[Image-caption web data]
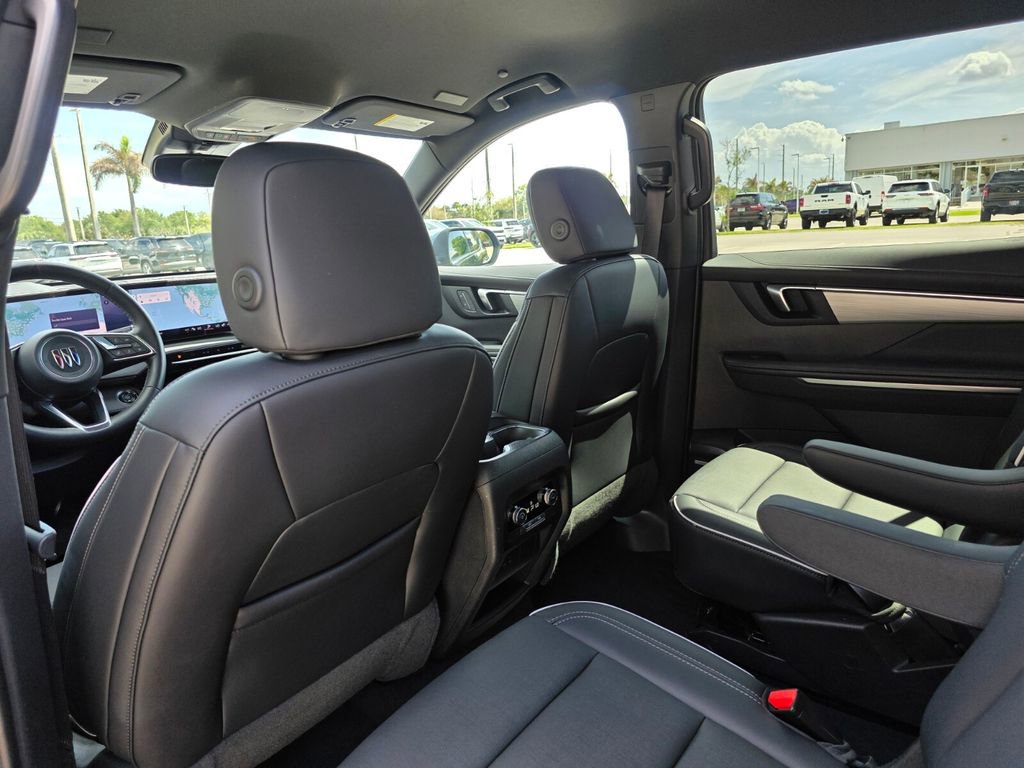 Used 2025 Buick Enclave Preferred image 21
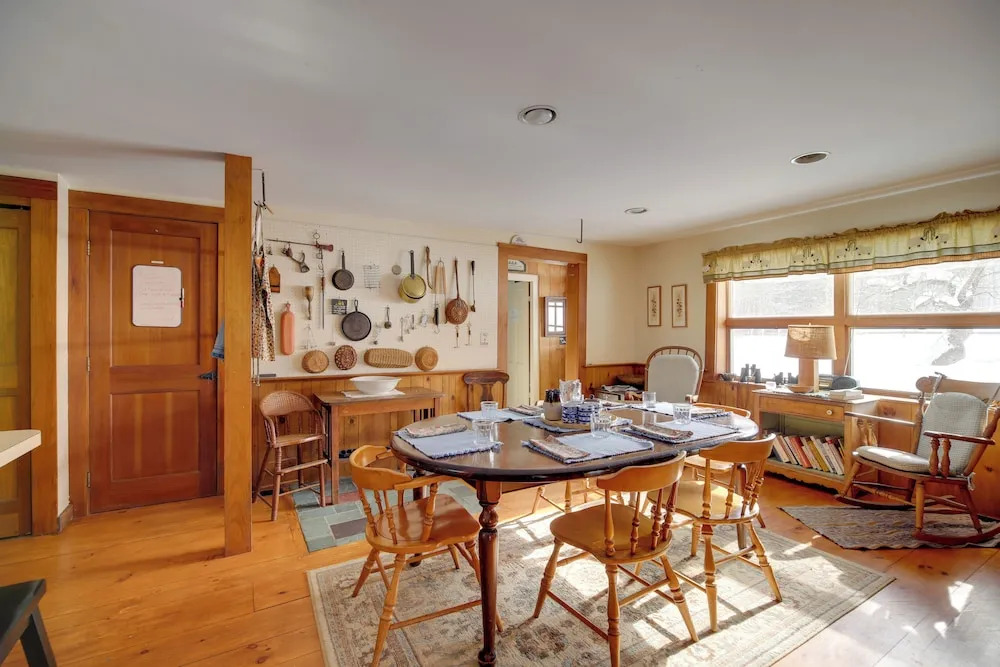 Chester Farmhouse on 100 Acres, 15 Min to Okemo!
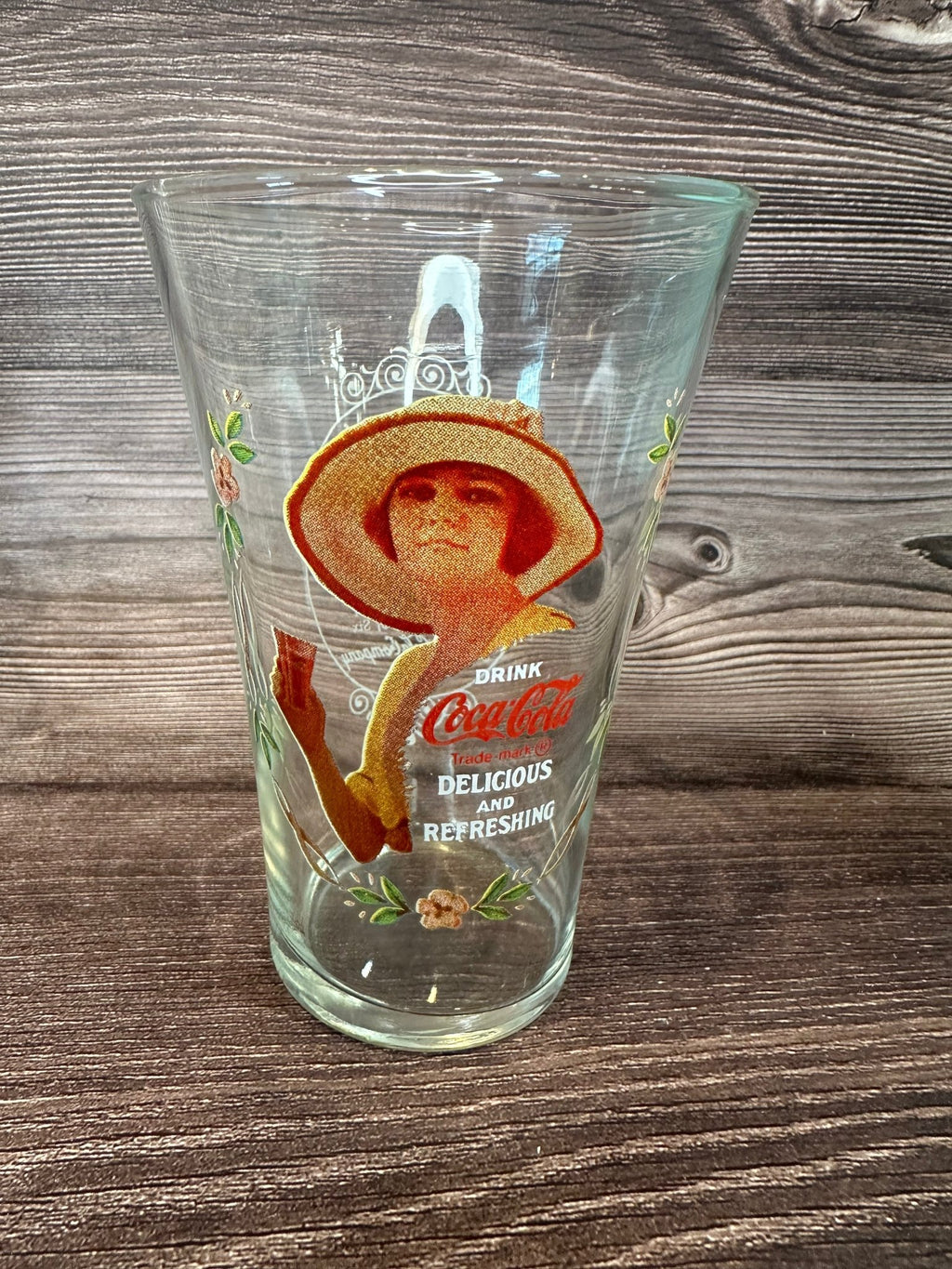 Vintage Coca Cola Magnificent Ladies Collector Series 1 Glasses - Che Cose Belle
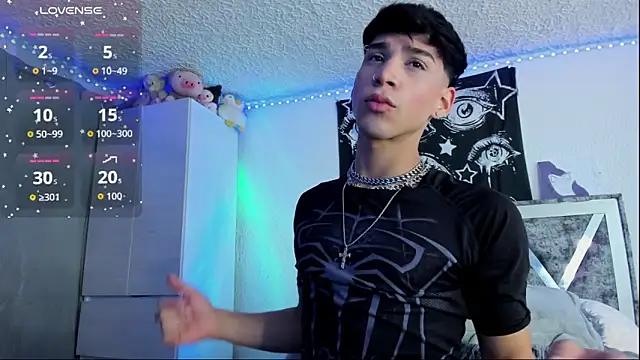 Snapshot of Dark_Boy26 chatting on 09-10-25, 10:31 Dark Boy26 online show from 09-10-25, 10:31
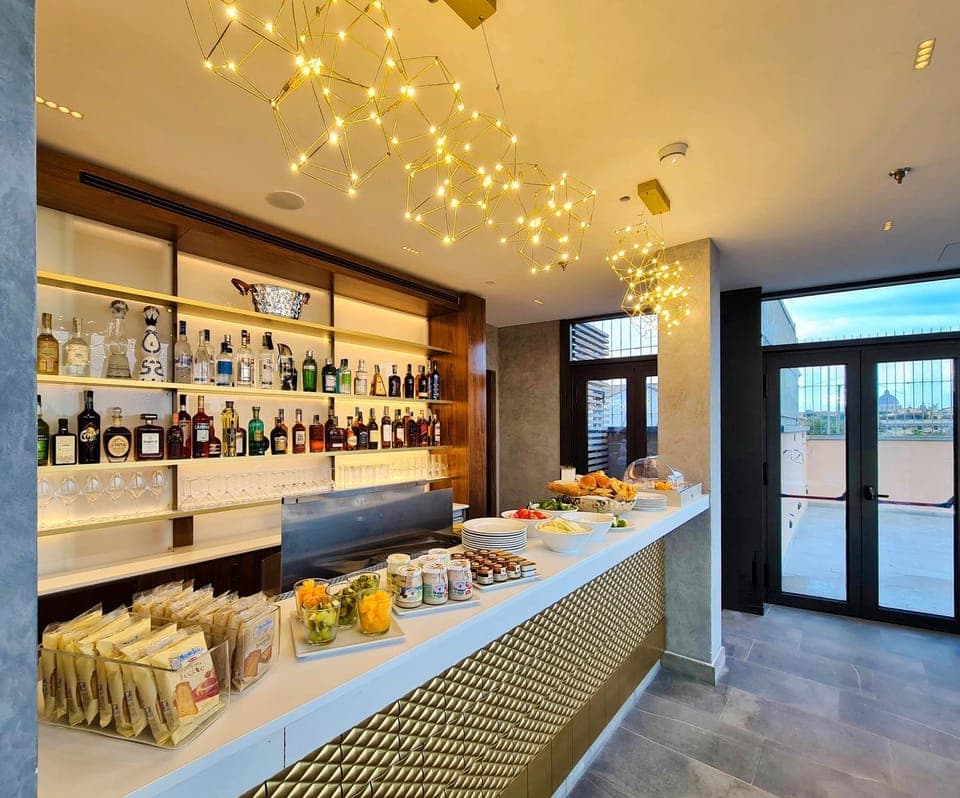 Balcony/Terrace, Lounge or bar, Food and drinks, Food, Buffet breakfast, Drinks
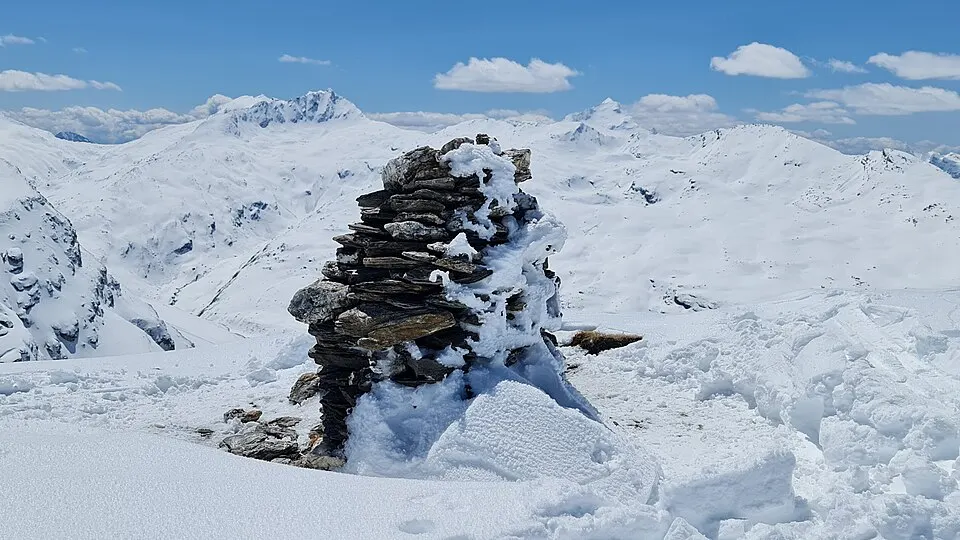 Cairn on Grosshorn (Avers)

REQUIRED ACTION – Please retype the lines from the one that contains "Snapshot of Dark_Boy26" through the final line of the data, both included, without any pictures.

RESPONSE FOR THIS EXERCISE –
 Snapshot of Dark_Boy26 chatting on 09-10-25, 10:31 Dark Boy26 online show from 09-10-25, 10:31
 Balcony/Terrace, Lounge or bar, Food and drinks, Food, Buffet breakfast, Drinks
 Cairn on Grosshorn (Avers)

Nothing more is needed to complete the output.